Assignment
Each entry below is to be written out exactly, and the pictures are to be left out.

*** Opening of Working data ***

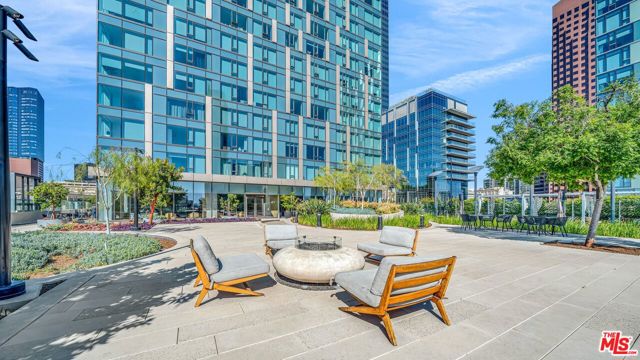 889 Francisco Street, Los Angeles CA: https://media.crmls.org/mediaz/48c232c9-3112-4bcb-b023-aa59e0036086.jpg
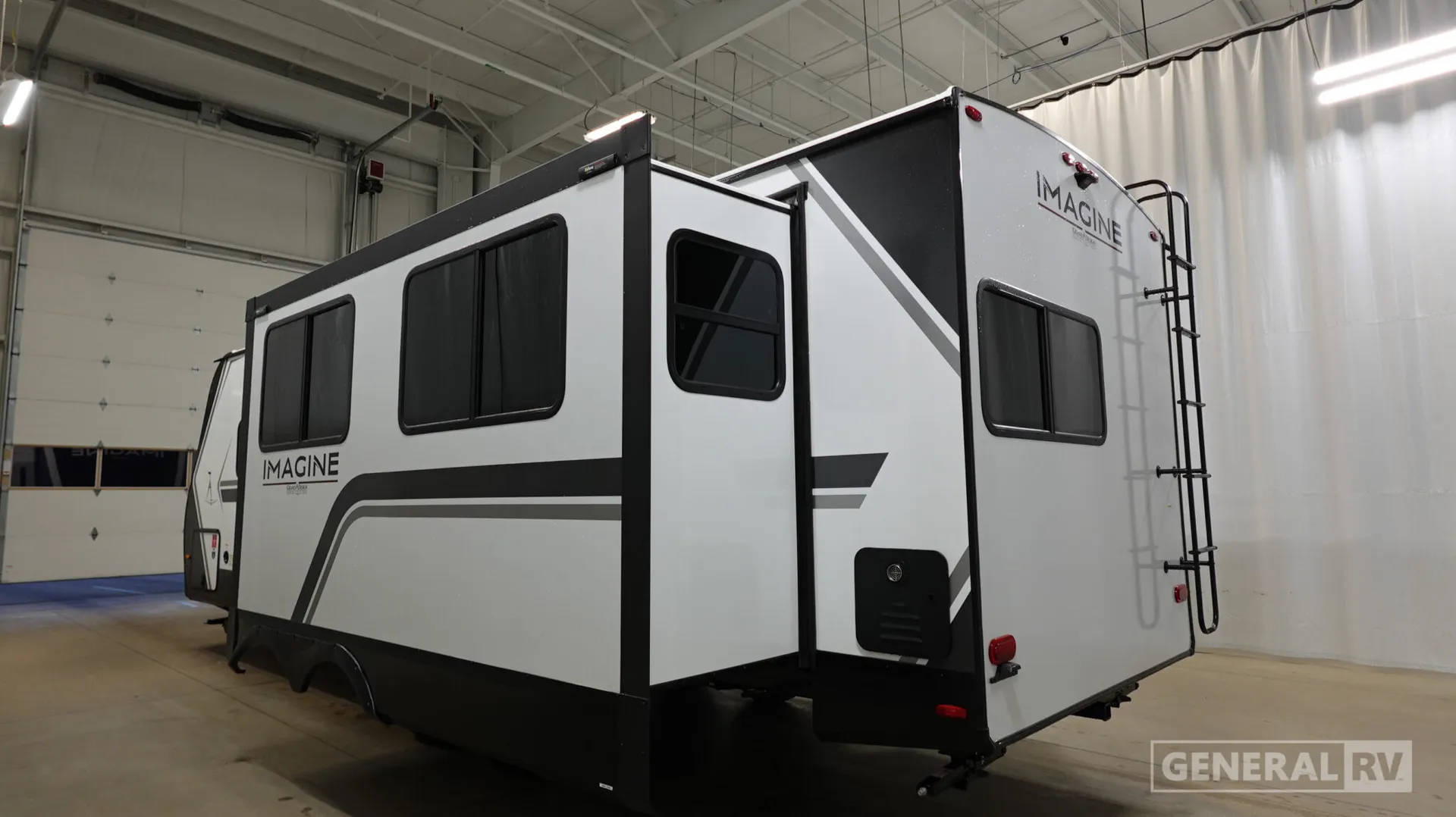 2026 Grand Design Imagine 2670MK - Photo 4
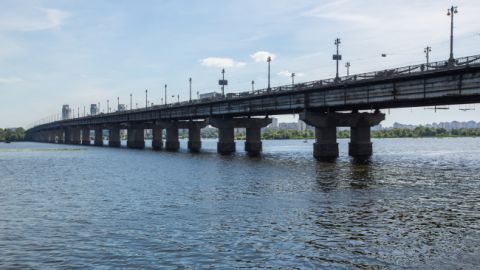 В Киеве "устал" еще один мост: прогноз прочности конструкции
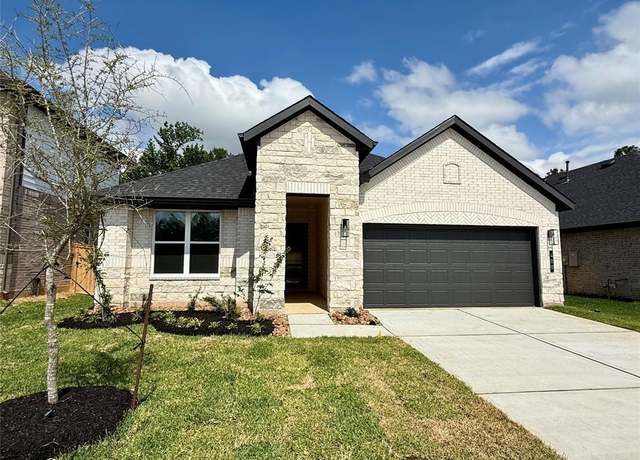 Property at 400 Springfield Terrace Dr, Conroe, TX 77304, 4 beds, 3 baths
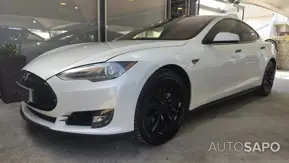 Tesla Model S 90D de 2016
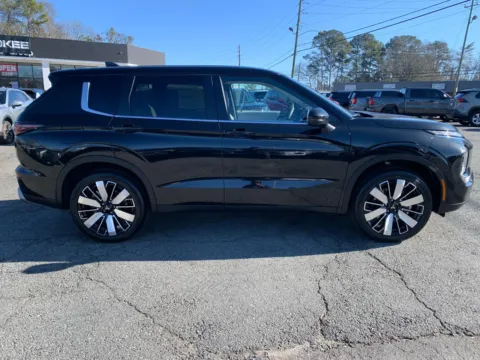 Photos of 2026 Mitsubishi Outlander SE for sale in Canton, GA at Cherokee Mitsubishi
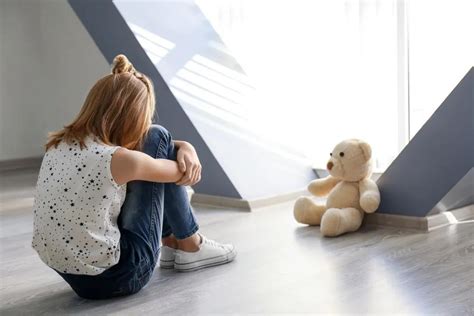 那些自称抑郁症的孩子们，是在“网抑云”吗？抑郁症焦虑症心理症状 健康界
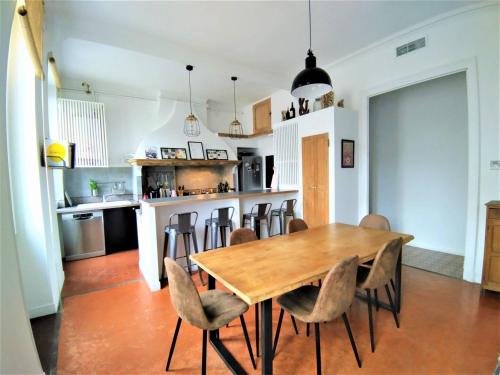 Lumineux appart 4 chambres, clim et tout équipé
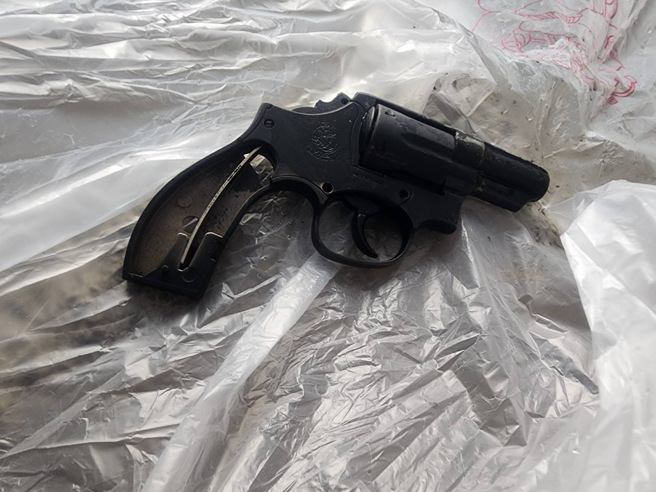 清洁人员发现1把枪枝，院方赶紧报案，警方已经将枪枝送验。（读者提供／洪靖宜高雄传真）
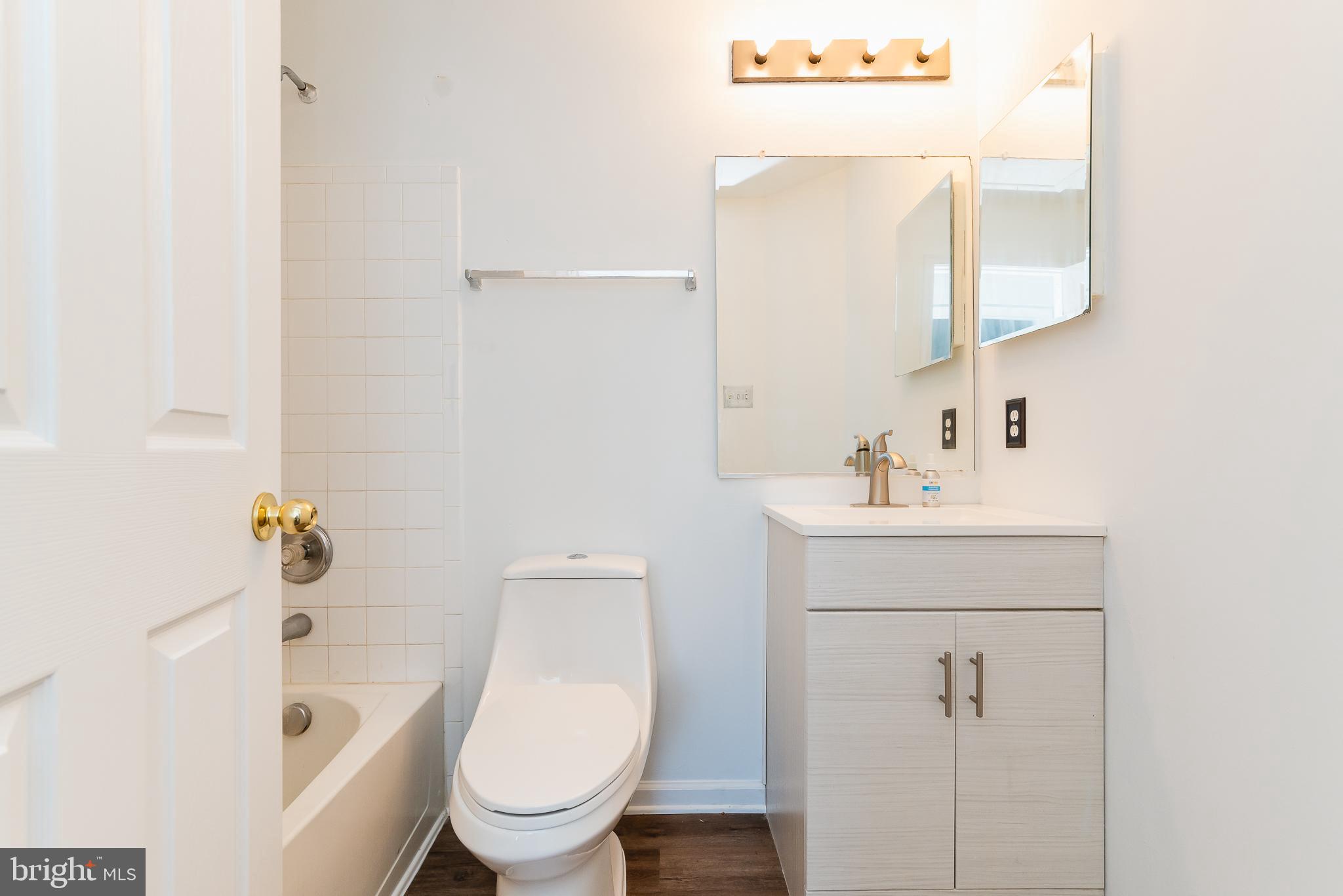 SENECA POINTE - Residential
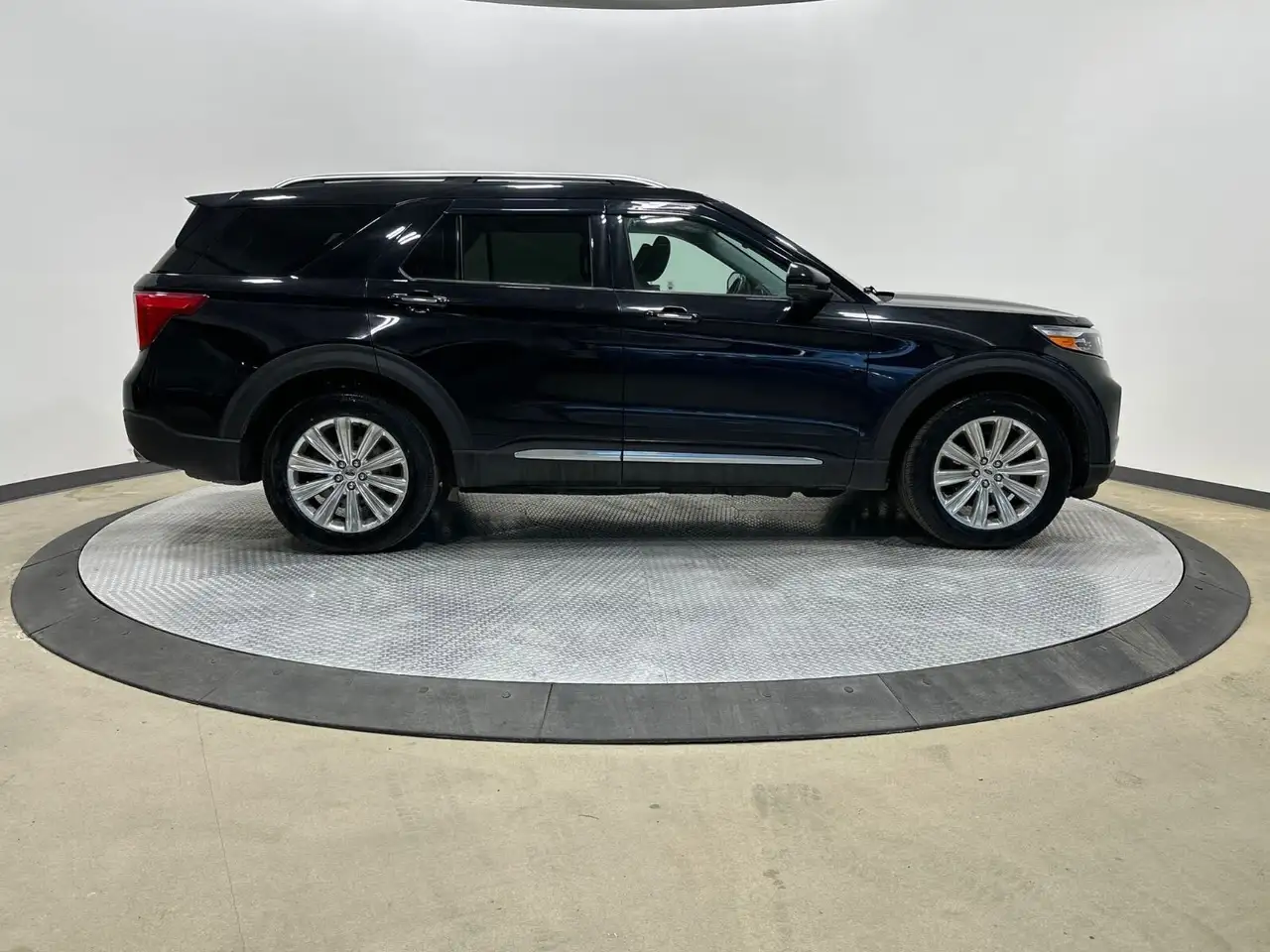 Ford Explorer снимка Ford Explorer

*** Close of Working data ***

Your solution
 889 Francisco Street, Los Angeles CA: https://media.crmls.org/mediaz/48c232c9-3112-4bcb-b023-aa59e0036086.jpg
 2026 Grand Design Imagine 2670MK - Photo 4
 В Киеве "устал" еще один мост: прогноз прочности конструкции
 Property at 400 Springfield Terrace Dr, Conroe, TX 77304, 4 beds, 3 baths
 Tesla Model S 90D de 2016
 Photos of 2026 Mitsubishi Outlander SE for sale in Canton, GA at Cherokee Mitsubishi
 那些自称抑郁症的孩子们，是在“网抑云”吗？抑郁症焦虑症心理症状 健康界
 Lumineux appart 4 chambres, clim et tout équipé
 清洁人员发现1把枪枝，院方赶紧报案，警方已经将枪枝送验。（读者提供／洪靖宜高雄传真）
 SENECA POINTE - Residential
 Ford Explorer снимка Ford Explorer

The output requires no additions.